Animal attack films are a subgenre of the horror genre. There have been many of these types of films released over the years. Jaws, Cujo, Crawl, Anaconda, and Alligator are among the most popular of these films and the ones people consider the best ones to watch. They have a rewatchability factor as well. Cocaine Bear is the latest in this genre. It does’t add anything new to the genre but it’s still a fun wild ride of a film.
After a guy in an airplane throws a bunch of bags of drugs that include packages of cocaine in them out of the plane and it lands in Tennessee and Georgias, Okeechobee National Forest. A group of people inadvertently run a fowl of a black bear that mistakenly got into the cocaine and ended up on a drug-fueled rage in the forest. These people have to do whatever they can to avoid the bear and survive at any cost. Throw in men who are looking for the bags of coke and you have a wild ride of a film.

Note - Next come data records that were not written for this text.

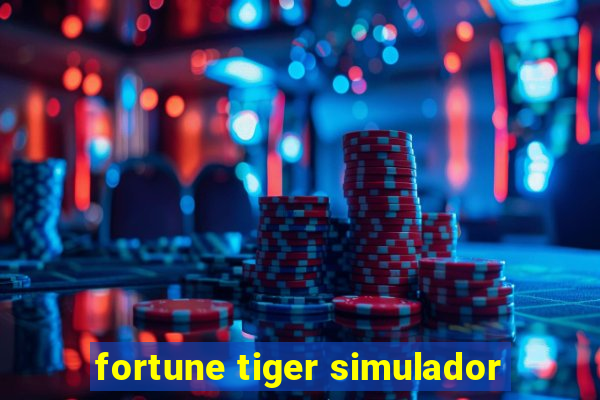 fortune tiger simulador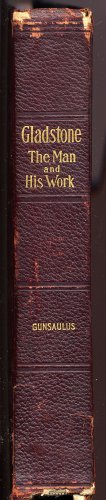 William Ewart Gladstone: A Biographical Study B0015P96L8 Book Cover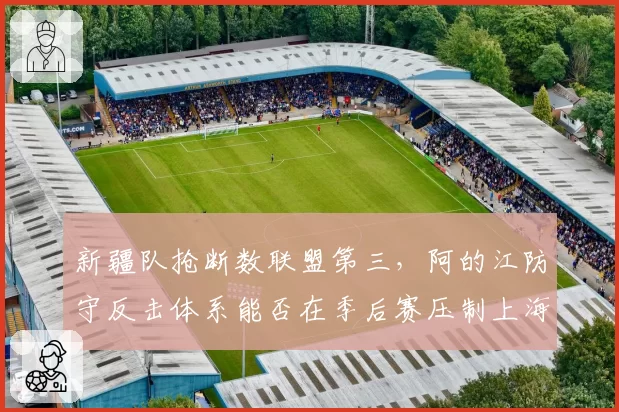 新疆队抢断数联盟第三，阿的江防守反击体系能否在季后赛压制上海？
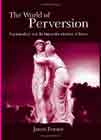 The World of Perversion: Psychoanalysis and the Impossible Absolute of Desire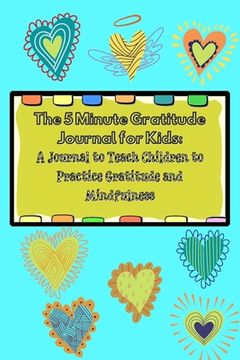 portada The 5 Minute Gratitude Journal for Kids: A Journal to Teach Children to Practice Gratitude and Mindfulness. Fun and Fast Ways for Kids to Give Daily T (en Inglés)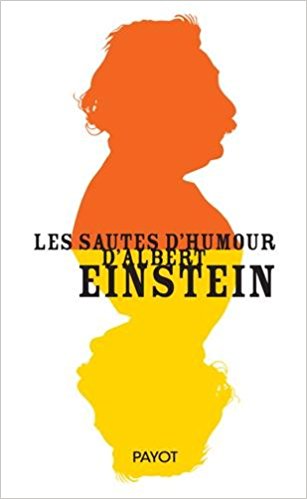 Les Sautes d'Humour d'Albert Einstein - Albert Einstein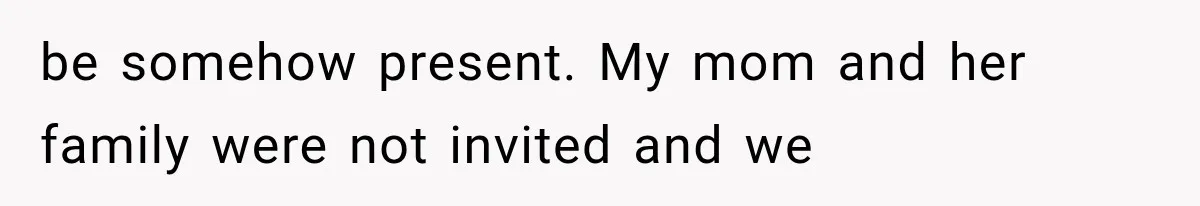 Woman Cuts Off Mother After Years of Neglect, Then Her Mom Demands Access to the Grandchildren be somehow present. My mom and her family were not invited and we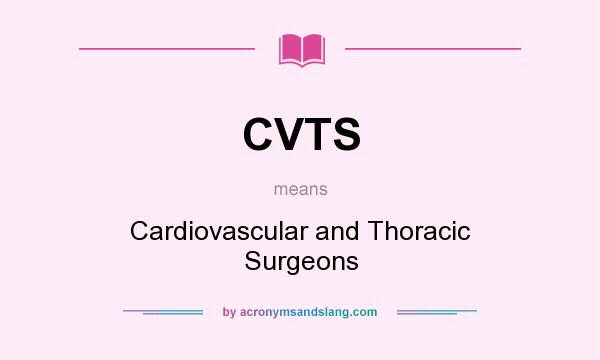 What does CVTS mean? It stands for Cardiovascular and Thoracic Surgeons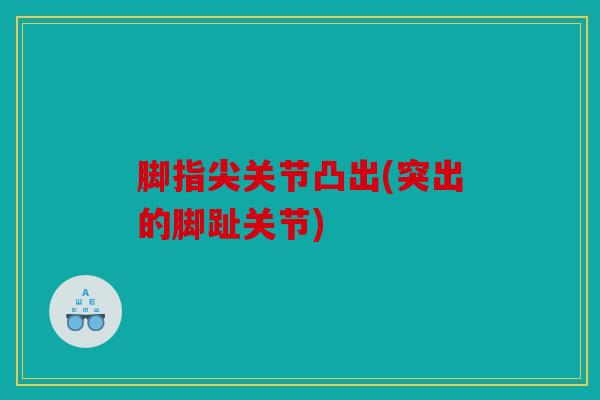脚指尖关节凸出(突出的脚趾关节) 脚指尖关节凸出(突出的脚趾关节)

The film has a very good cast of actors playing all of these roles. Among them are Margo Martindale, a smart-witted park ranger, and Keri Russell, a single mother, who’s a nurse, with a daughter played by Brooklyn Prince. She and her friend, played by Christian Convery, skip school and end up in the woods. Ray Liotta, in his final role before he passed away, plays a drug dealer who is looking for the coke. He sends his son Alden Ehrenreich and O’Shea Jackson Jr. to the forest to find and return the bags of coke to him. Those are just a few of the people that make up this funny cast of characters.
The movie is set in the mid-eighties in the south so throw in these two unique things and you have a couple of aspects that bring out a lot of comedy. Namely, everybody has a southern accent and most of the characters have eighties haircuts and wear clothes from that decade. They also drive cars from those years as well. The production design added a nice element to a film that was perfectly set in this wild and fun decade. I grew up in this decade so I would know about it more than most.

As far as animal attack films go this one isn’t the best but it’s definitely not the worst either. It has a tongue-in-cheek approach to this genre. It’s trying not to be too serious even though there are a lot of gory bloody scenes of the bear eating people and dismembering them. These scenes are relatively pretty funny most of the time. Two scenes that come to mind are when the bear attacks the park ranger and a trio of slackers in a cabin was done hilariously. And not to be outdone an action sequence when an ambulance arrives to help people mauled by the bear is one of the funniest things you’ll see all year. It is bat-shit crazy, to say the least. The bear develops some kind of super speed to run and chase down this ambulance that was trying to get away.
Elizabeth Banks is usually known as an actress but she has directed a few things. Name Pitch Perfect 2 in 2015 and the Charlie’s Angels reboot in 2019. This is her third film under her belt and it may be the best one. That’s not saying a lot though. She infuses a lot of eighties elements with a tried and true formula of the animal attack genre and creates a relatively funny and harmless true story, well true is stretching the truth a little. This film took that to a different level. The film was still a drug-fueled nostalgia trip that brought back memories of my youth growing up in the eighties.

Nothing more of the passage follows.